I had a little chuckle at this one.

Even though I’ve been in reunion since I was 19 (so longer in than out, at this point), it was during my teen years that I had no clue where I really came from. The teen years are the most “OMG WHO AM I???” years at the best of times, so imagine that when you don’t actually know.

My reunion was relatively well accepted by the extended family, or they at least managed to STFU if it wasn’t – I don’t know, my mother said a couple of things that made me wonder if they were just being nice – which is almost the same. Well. I say that, but I noticed that my cousins daughter went a bit *funny* when I mentioned something about my half – brothers … I find that particularly amusing, because I was in reunion by the time she was an infant.

Anyway! I ramble!

That post.

Turns out that a key member of the family wasn’t who he said he was, and he wasn’t from where he said he was either.

AND there were a couple of generations of pregnancy before marriage.

Que the confusion and questions. Que the “Ew, we come from where???”

Imagine the good, upstanding Catholic family, with its very strict rules on how things were done.

This is where I put in an aside: Growing up, my parents never said anything negative about my natural mother, aside from that she was very young and unmarried. BUT it was a spoken rule that no sex before marriage would ever be acceptable, and there was definitely judgement bandied about in regard to single mothers. So while they never said anything bad about her, it didn’t take a genius to know what they really thought.
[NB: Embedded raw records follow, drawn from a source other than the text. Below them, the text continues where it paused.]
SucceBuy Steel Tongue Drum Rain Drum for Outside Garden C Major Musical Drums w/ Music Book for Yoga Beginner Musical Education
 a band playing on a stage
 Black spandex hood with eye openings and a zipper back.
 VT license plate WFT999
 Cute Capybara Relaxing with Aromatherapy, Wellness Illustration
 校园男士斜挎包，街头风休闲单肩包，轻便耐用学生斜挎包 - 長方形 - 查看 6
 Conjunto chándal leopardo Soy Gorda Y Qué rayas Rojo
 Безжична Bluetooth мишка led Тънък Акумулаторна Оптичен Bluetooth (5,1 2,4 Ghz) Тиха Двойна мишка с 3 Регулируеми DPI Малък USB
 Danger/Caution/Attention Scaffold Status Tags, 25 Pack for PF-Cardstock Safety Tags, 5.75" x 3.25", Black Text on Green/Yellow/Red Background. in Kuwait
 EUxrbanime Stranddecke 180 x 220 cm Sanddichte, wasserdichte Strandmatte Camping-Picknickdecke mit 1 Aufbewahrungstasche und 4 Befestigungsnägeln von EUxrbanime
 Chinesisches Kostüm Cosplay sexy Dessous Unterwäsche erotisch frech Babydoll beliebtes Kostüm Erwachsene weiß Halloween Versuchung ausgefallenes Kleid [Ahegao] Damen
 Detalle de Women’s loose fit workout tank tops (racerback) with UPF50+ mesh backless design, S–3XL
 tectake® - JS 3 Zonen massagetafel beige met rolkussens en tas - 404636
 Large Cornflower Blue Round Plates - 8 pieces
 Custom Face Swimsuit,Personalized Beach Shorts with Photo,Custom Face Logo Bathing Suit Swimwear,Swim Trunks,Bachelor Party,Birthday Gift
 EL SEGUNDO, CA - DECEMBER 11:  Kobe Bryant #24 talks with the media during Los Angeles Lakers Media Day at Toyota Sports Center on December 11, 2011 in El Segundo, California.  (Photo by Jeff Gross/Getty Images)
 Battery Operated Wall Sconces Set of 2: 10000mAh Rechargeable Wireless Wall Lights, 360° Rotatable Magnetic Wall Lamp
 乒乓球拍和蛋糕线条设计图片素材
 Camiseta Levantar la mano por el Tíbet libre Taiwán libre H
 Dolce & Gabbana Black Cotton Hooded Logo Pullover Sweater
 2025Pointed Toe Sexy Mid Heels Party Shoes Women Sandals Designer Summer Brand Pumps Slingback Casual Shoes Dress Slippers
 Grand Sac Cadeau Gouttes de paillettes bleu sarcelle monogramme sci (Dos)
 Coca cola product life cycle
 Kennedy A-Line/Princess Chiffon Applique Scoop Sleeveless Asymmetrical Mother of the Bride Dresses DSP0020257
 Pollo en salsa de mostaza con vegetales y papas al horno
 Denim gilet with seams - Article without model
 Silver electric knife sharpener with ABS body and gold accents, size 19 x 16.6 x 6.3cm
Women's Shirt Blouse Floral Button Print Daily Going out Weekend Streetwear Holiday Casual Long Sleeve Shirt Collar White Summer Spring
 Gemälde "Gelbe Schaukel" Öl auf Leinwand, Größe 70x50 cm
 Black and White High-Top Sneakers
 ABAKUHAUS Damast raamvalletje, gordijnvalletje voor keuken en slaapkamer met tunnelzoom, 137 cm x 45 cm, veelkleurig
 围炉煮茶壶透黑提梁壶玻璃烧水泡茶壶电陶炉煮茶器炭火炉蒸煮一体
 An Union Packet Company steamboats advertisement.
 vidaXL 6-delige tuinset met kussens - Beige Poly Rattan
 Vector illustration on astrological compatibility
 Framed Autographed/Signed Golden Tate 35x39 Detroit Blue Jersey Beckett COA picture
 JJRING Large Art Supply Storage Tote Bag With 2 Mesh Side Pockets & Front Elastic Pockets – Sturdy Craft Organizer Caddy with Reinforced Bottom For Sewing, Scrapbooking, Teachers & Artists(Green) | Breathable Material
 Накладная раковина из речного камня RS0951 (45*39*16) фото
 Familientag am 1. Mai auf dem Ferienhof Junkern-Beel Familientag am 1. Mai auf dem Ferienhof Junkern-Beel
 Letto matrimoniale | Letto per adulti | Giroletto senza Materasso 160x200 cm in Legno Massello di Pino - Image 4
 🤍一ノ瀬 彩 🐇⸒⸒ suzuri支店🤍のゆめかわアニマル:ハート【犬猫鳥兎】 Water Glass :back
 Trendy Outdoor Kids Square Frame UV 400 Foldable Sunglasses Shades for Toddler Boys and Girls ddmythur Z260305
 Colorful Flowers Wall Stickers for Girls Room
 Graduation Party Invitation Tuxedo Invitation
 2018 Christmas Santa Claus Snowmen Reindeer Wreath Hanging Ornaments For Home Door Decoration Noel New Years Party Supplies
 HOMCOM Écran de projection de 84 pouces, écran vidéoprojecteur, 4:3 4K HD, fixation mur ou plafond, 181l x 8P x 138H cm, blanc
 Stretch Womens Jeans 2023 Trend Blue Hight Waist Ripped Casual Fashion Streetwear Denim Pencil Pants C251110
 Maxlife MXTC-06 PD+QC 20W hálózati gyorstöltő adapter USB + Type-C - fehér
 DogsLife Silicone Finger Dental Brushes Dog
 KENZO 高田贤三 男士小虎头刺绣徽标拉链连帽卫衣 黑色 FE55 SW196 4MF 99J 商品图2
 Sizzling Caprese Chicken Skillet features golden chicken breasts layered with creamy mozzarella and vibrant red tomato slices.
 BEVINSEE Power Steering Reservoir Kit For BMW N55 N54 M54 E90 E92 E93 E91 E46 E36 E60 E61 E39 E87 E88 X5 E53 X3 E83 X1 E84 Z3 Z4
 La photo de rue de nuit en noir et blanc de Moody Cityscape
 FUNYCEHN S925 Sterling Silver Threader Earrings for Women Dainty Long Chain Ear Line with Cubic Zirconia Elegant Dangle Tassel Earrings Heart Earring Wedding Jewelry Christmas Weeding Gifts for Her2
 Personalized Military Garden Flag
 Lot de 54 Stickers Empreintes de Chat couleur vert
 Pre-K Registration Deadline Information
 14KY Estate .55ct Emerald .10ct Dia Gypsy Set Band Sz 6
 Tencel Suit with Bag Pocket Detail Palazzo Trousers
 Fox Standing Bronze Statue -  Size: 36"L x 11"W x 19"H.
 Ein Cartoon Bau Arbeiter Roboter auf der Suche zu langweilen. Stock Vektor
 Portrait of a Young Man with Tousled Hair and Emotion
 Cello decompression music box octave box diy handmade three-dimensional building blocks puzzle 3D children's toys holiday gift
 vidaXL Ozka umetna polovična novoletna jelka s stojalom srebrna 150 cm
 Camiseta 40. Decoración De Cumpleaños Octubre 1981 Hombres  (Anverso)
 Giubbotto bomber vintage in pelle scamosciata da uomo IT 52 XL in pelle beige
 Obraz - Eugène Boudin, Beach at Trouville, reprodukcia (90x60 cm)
Back to the subject at hand. Yes, I chuckled when I found out that my grandfather’s name was decidedly not what we thought it was. I chuckled when I saw that his parents marriage license was dated 3 months before he was born, and I laughed outright when it came out that his mother was bought up by her grandparents because she was a bastard too (and her Mum worked in the city, sending money back home).

Petty? Yeah, probably. Do I care? Nope.

To my mother’s credit, she was pretty much *meh whatever* about the entire thing – and when she was telling me about everyone else getting a bit bent out of shape about it, she was having a bit of a chuckle too.